::: Data :::
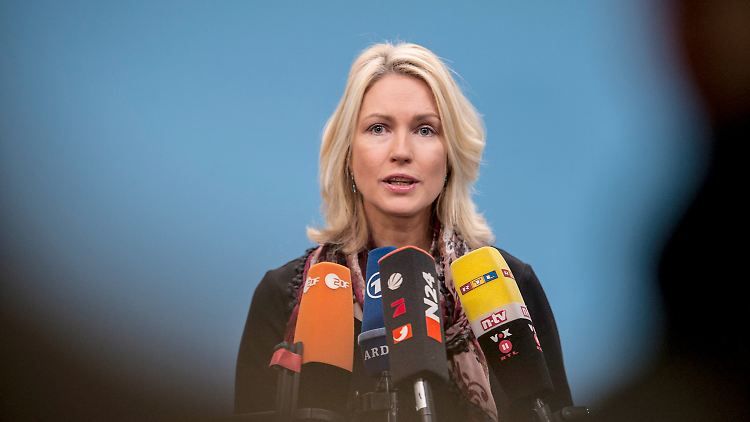 Die Frauenquote von Bundesfamilienministerin Schwesig hat bisher kaum Auswirkungen auf die Besetzung von Führungsposten in großen Unternehmen. 
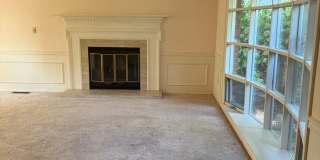 Elegant Bellevue Home for rent Elegant Bellevue Home for rent Gallery 4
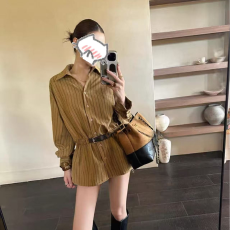 批发胖MM秋季新款条纹收腰宽松<b class='q'>衬衫</b>女法式设计感显瘦<b class='q'>气质</b>百搭上衣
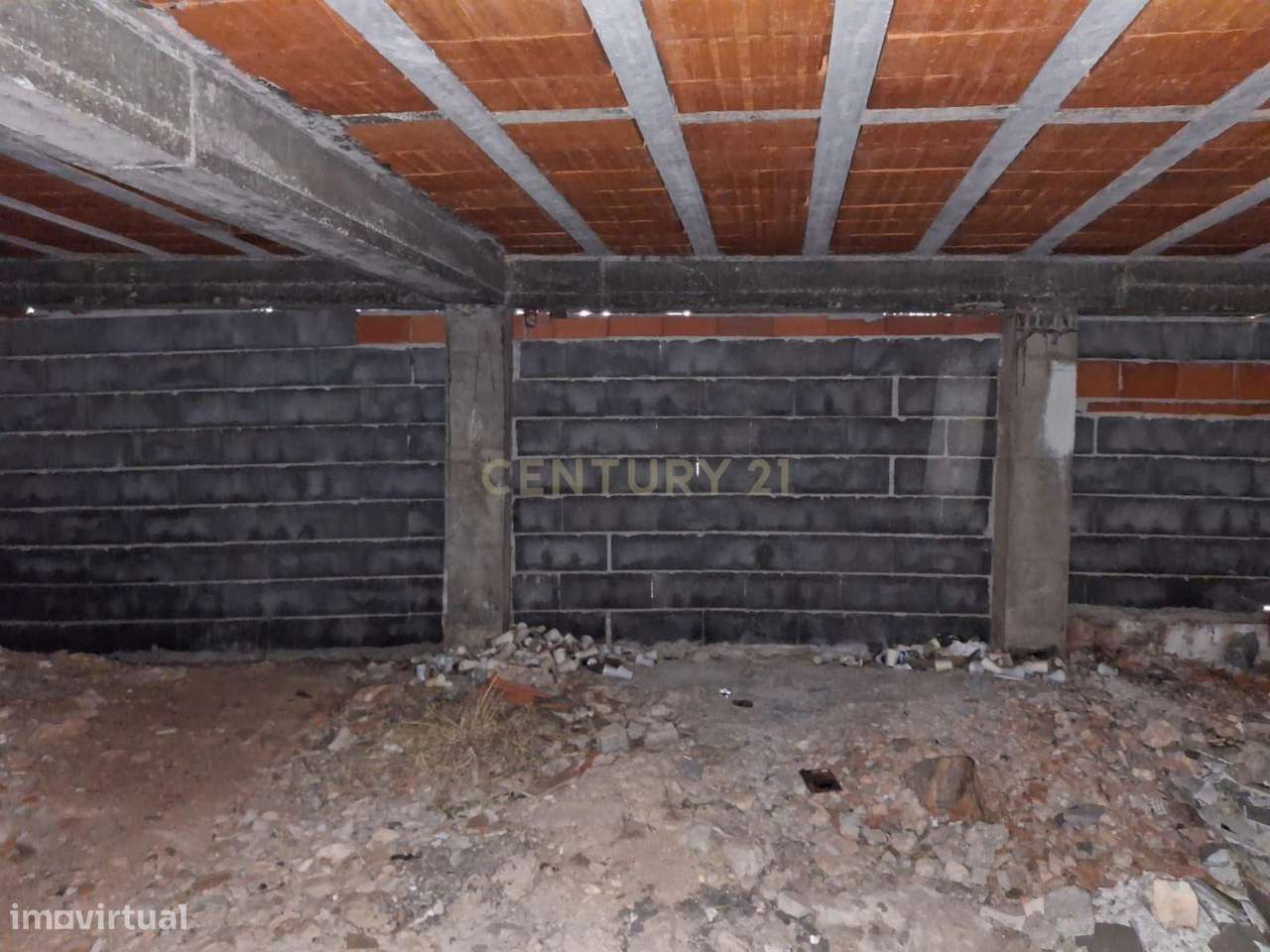 Prédio em fase de construção no centro de Mira d'Aire-5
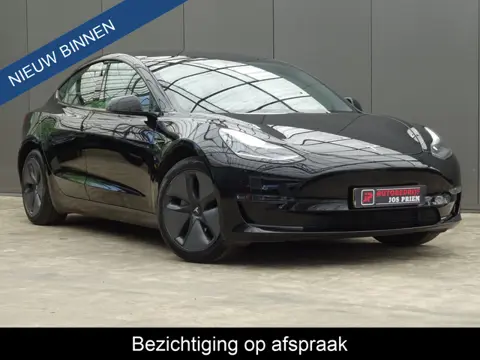 Tesla Model 3 Long Range AWD 75 kWh * BLACKED OUT * 445 KM ACCURANGE !!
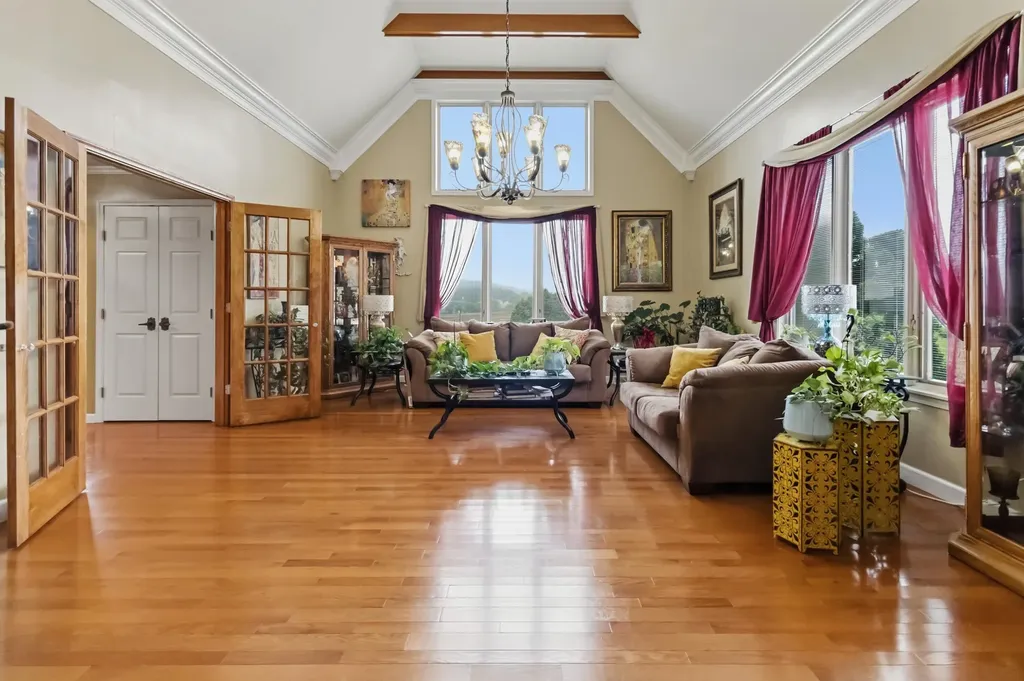 137 Indian Cave Road Monticello KY 42633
:::
The task: With pictures excluded, restate word for word the lines from the one that contains "Prédio em fase" through the end of the material, inclusive, and nothing more.

Result of the task:
 Prédio em fase de construção no centro de Mira d'Aire-5
 Tesla Model 3 Long Range AWD 75 kWh * BLACKED OUT * 445 KM ACCURANGE !!
 137 Indian Cave Road Monticello KY 42633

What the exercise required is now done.